2. The reserves data are the responsibility of the Company's management. As the member of the executive responsible for the Company's hydrocarbon reserves data, my responsibility is to certify that the reserves data has been properly calculated in accordance with industry generally accepted procedures for the estimation of reserves data.
3. The Company's reserves staff and management carried out their evaluations in accordance with industry generally accepted procedures for the estimation of reserves data and standards as set out in the Canadian Oil and Gas Evaluation Handbook (the COGE Handbook), prepared jointly by the Society of Petroleum Evaluation Engineers (Calgary Chapter) and the Canadian Institute of Mining, Metallurgy & Petroleum (Petroleum Society), with the necessary modifications to reflect the definition of proved reserves under the applicable U.S. Financial Accounting Standards Board policies (the FASB Standards) and the legal requirements of the U.S. Securities and Exchange Commission (SEC Requirements). The Company's reserves staff and management are not independent of the Company within the meaning of the term "independent" under those standards.

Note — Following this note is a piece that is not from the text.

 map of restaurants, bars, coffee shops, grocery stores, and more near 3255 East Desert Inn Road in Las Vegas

4. The standards require that they plan and perform an evaluation to obtain reasonable assurance as to whether the reserves data are free of material misstatement. An evaluation also includes assessing whether the reserves data are developed in accordance with the evaluation practices and procedures presented in the COGE Handbook as modified to meet the requirements of the FASB Standards and SEC Requirements.
5. The following sets forth the standardized measure of future net cash flows attributed to proved oil and gas reserves and oil sands mining quantities, estimated using constant prices and costs and calculated using a discount rate of 10%, included in the reserves data of the Company evaluated for the year ended December 31, 2006:
STANDARDIZED MEASURE OF FUTURE NET CASH FLOWS
PROVED OIL AND GAS RESERVES AND OIL SANDS MINING
(10% discount rate)
As at December 31, 2006
Location of Reserves (by business) | | Standardized Measure (After Deducting Income Taxes) | |
North American Natural Gas | | $ | 3,493 | |
East Coast Oil | | | 3,233 | |
Northwest Europe | | | 2,090 | |
North Africa/Near East | | | 590 | |
Northern Latin America | | | 148 | |
Syncrude Oil Sands Mining Operation | | $ | 3,539 | |
The Standardized Measure values above were calculated consistent with the methodology prescribed in Financial Accounting Standards Board Statement No. 69.

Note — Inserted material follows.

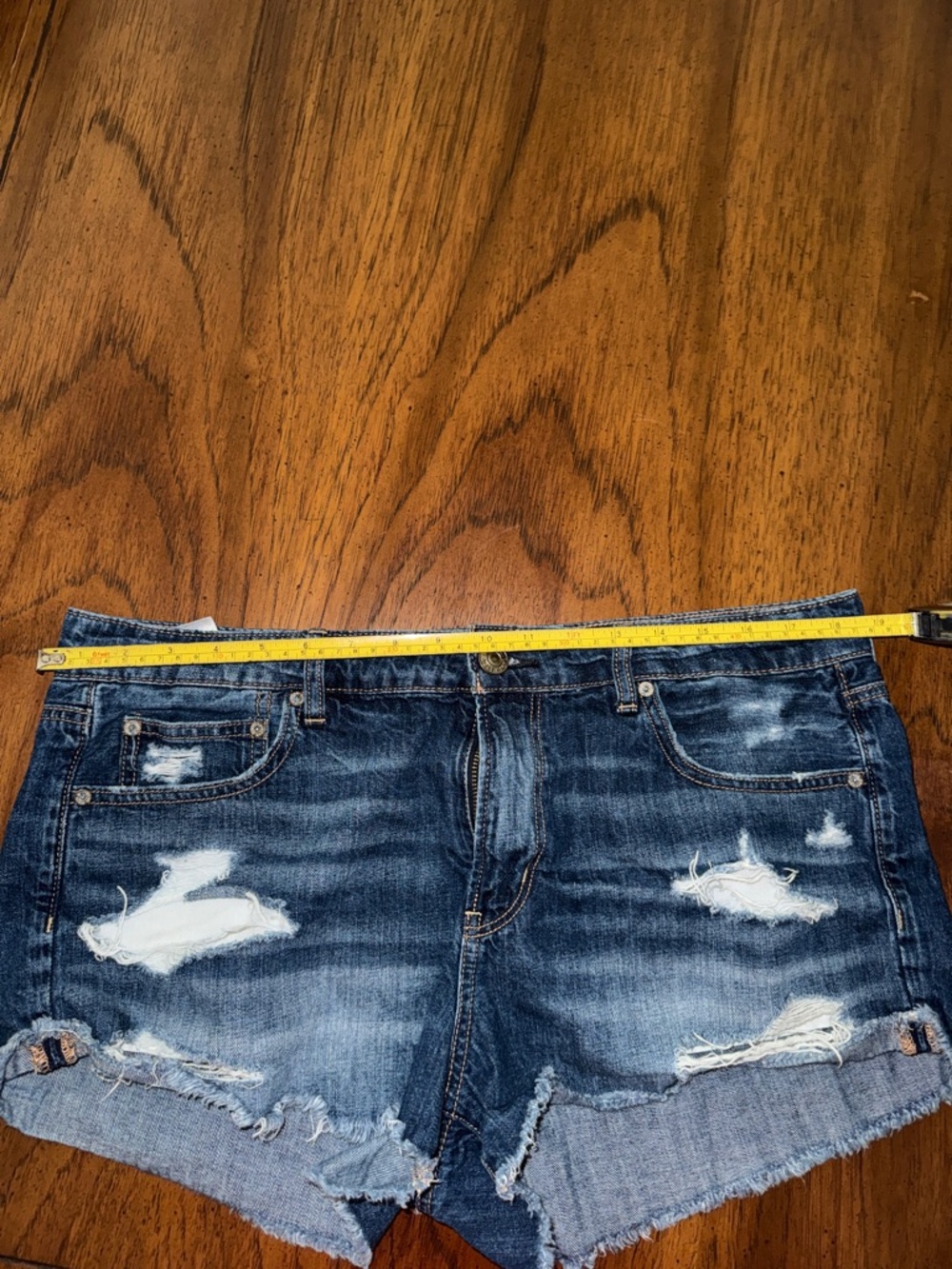 American Eagle Tomgirl Shortie Distressed Dark Blue Denim Jean Shorts - Picture 5 of 6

6. In my opinion, the reserves data evaluated by the Company's reserves evaluation staff and management has, in all material respects, been determined in accordance with evaluation practices and procedures presented in the COGE Handbook with the necessary modifications to reflect reserves definitions and legal requirements under the applicable FASB Standards and SEC Requirements.
7. The reservoir engineering staff and management review and evaluate the reserves data on an ongoing basis and advise the executive of the Company of significant changes to the evaluations for events and circumstances occurring after the effective date of this report.
8. Reserves are estimates only and not exact quantities. In addition, the reserves data are based on judgments regarding future events; actual results will vary and the variations may be material.
/Signed/ Kathleen E. Sendall Senior Vice-President, North American Natural Gas Member of Executive Leadership Team Responsible for Reserves Dated March 22, 2007 | |
SCHEDULE B
REPORT OF MANAGEMENT AND DIRECTORS
ON RESERVES DATA AND OTHER INFORMATION
The management of Petro‑Canada (the Company) is responsible for the preparation and disclosure of information with respect to the Company's oil and gas activities in accordance with securities regulatory requirements. This information includes reserves data, which consist of the following:
(i) proved oil and gas reserves and oil sands mining quantities estimated as at December 31, 2006, using constant prices and costs; and
(ii) the Standardized Measure of Discounted Future Net Cash Flows relating to proved oil and gas reserves and oil sands mining quantities.
Petro‑Canada's reserves evaluation process involves applying generally accepted practices and procedures for the estimation of reserves data as set out in the COGE Handbook and modified to reflect the definitions and standards as set out in the applicable provisions of the U.S. Financial Accounting Standards Board Statement of Financial Accounting Standards No. 69 and the relevant legal requirements of the U.S. Securities and Exchange Commission (SEC), (collectively the Reserves Data Process). Petro‑Canada's qualified internal reserves evaluation staff and management have evaluated the Company's reserves and the executive member responsible for reserves data certifies that the Reserves Data Process has been followed. The report of the executive member responsible for reserves data will be filed with securities regulatory authorities concurrently with this report.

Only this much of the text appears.